* _TASK TO COMPLETE_: Pictures are to be left out, and only the lines below starting at the one with "Used Left front" and ending at the one with "2 Dana Dr, Groveland, MA 01834" are to be reproduced, each exactly, both ends included.

* _RECORDED INFORMATION_:
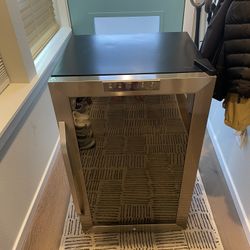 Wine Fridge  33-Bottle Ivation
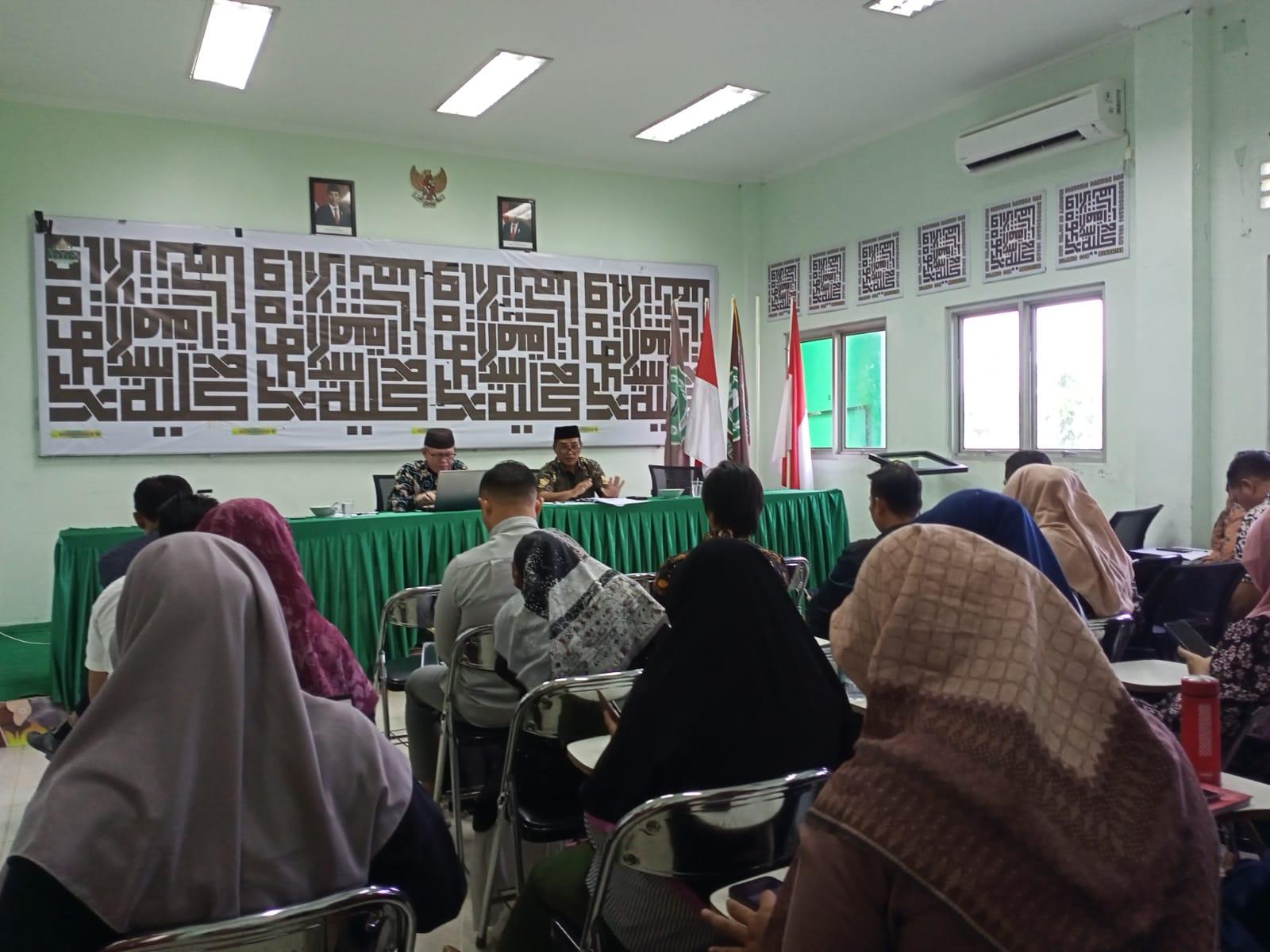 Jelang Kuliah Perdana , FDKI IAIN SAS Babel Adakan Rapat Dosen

==

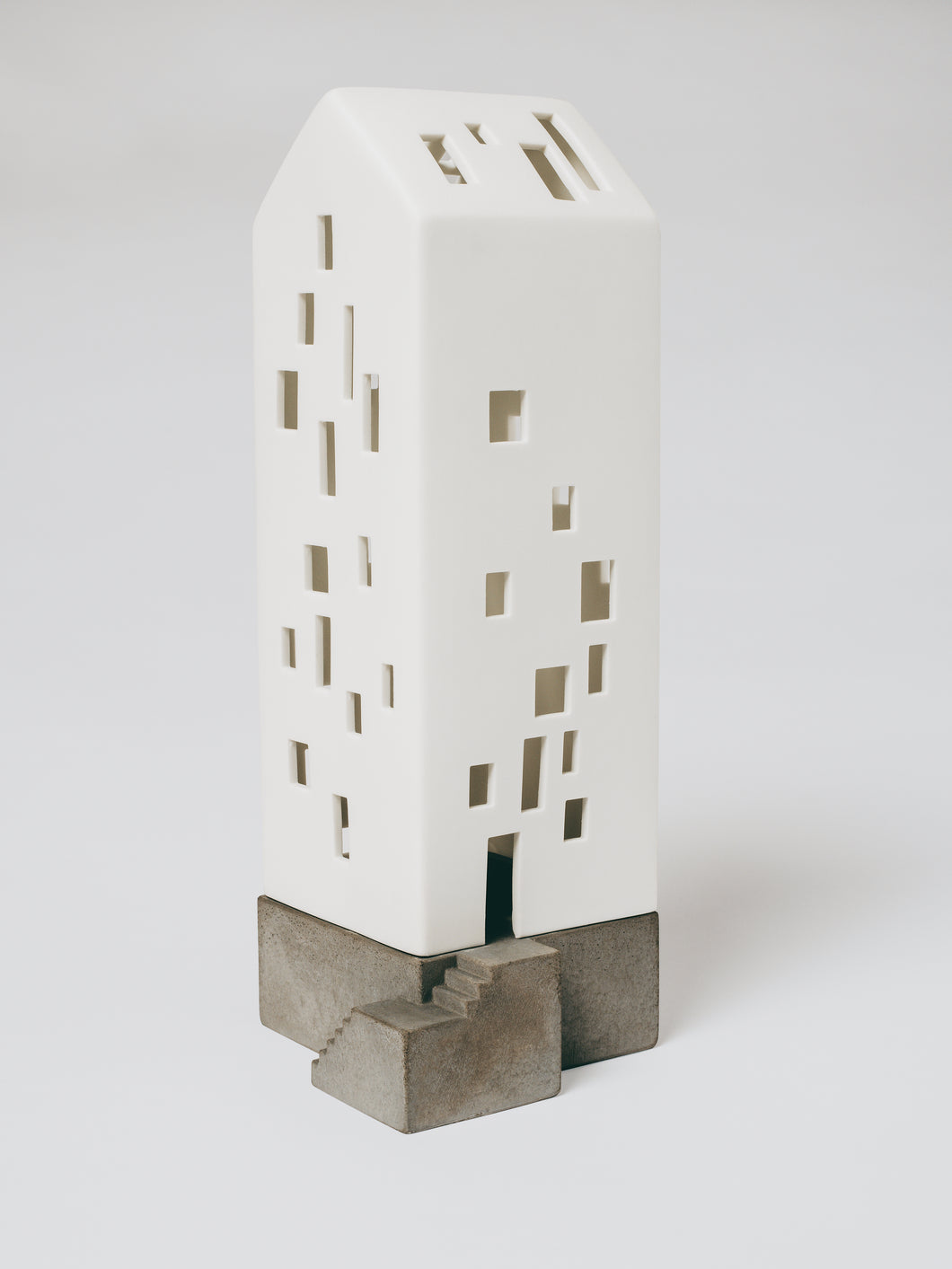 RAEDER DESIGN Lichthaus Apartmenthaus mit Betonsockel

...

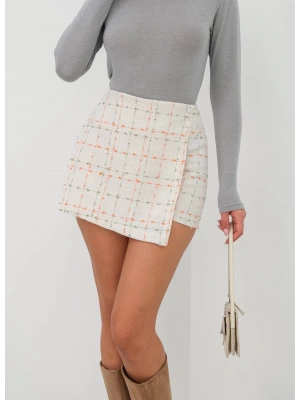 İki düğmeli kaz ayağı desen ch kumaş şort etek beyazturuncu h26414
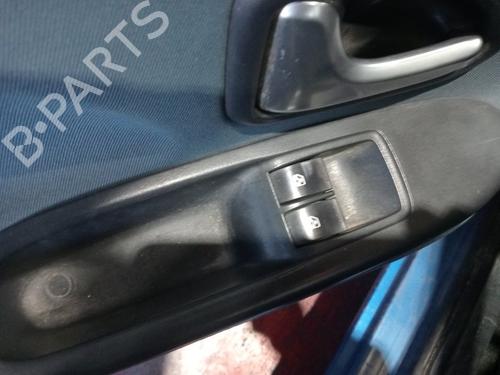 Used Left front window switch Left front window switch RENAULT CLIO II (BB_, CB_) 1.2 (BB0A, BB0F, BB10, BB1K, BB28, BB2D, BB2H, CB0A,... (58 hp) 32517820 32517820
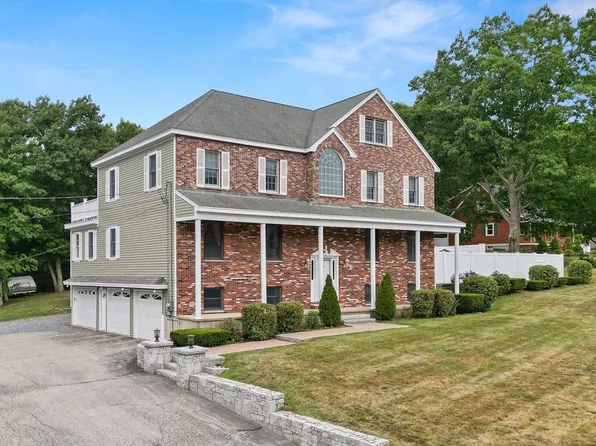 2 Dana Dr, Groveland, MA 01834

* _RESULT OF THE EXERCISE_:
 Used Left front window switch Left front window switch RENAULT CLIO II (BB_, CB_) 1.2 (BB0A, BB0F, BB10, BB1K, BB28, BB2D, BB2H, CB0A,... (58 hp) 32517820 32517820
 2 Dana Dr, Groveland, MA 01834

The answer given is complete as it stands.